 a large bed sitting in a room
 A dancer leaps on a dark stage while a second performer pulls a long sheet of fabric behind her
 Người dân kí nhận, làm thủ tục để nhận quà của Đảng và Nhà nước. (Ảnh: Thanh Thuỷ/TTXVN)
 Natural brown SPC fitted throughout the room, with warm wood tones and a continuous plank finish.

========

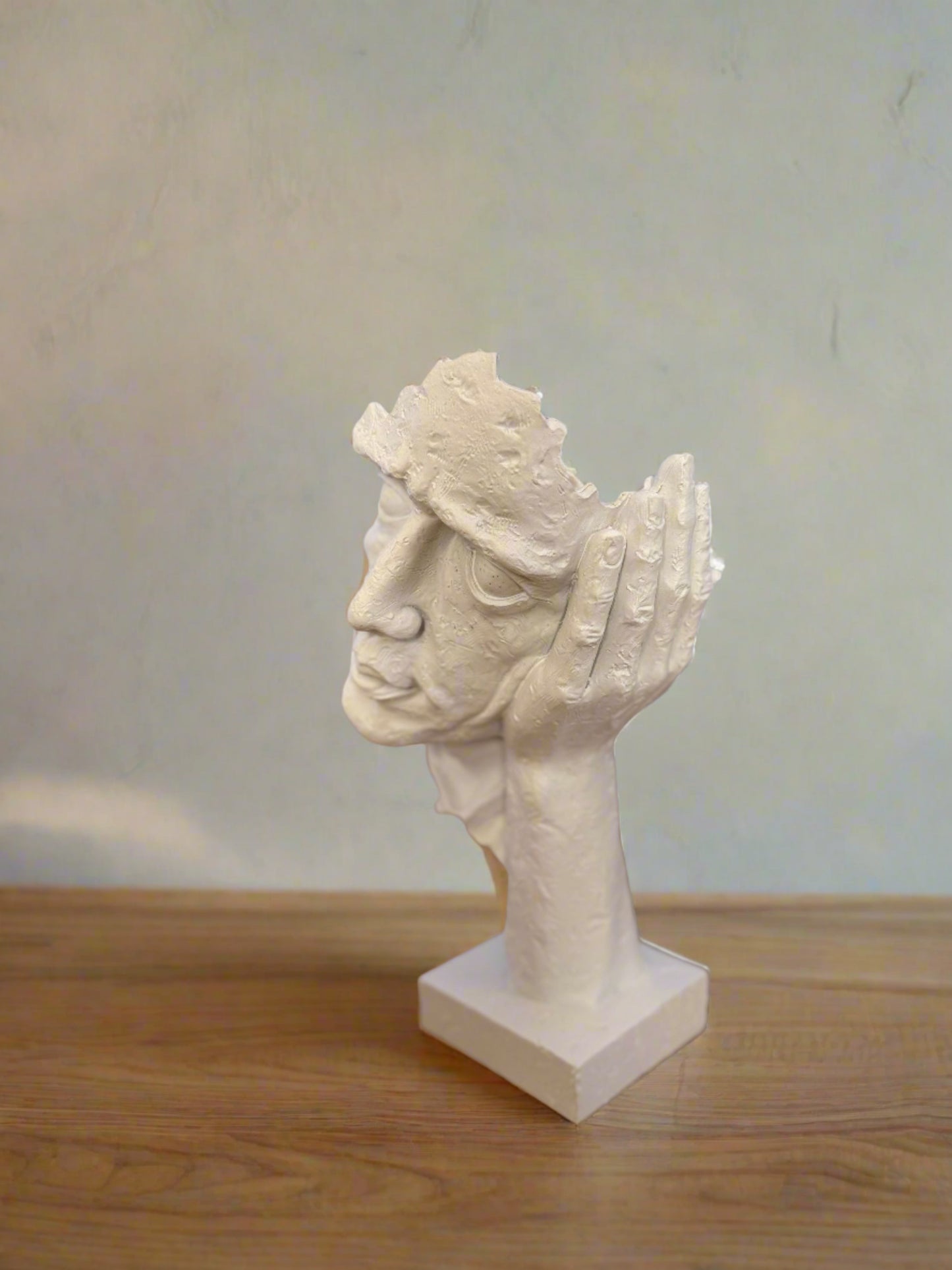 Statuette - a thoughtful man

========

__GOAL OF THE EXERCISE__. There is a line with "A dancer leaps" and a line with "Natural brown SPC" above. Copy exactly those two lines and all lines between them, with nothing else.

__RESULT OF THE TASK__.
 A dancer leaps on a dark stage while a second performer pulls a long sheet of fabric behind her
 Người dân kí nhận, làm thủ tục để nhận quà của Đảng và Nhà nước. (Ảnh: Thanh Thuỷ/TTXVN)
 Natural brown SPC fitted throughout the room, with warm wood tones and a continuous plank finish.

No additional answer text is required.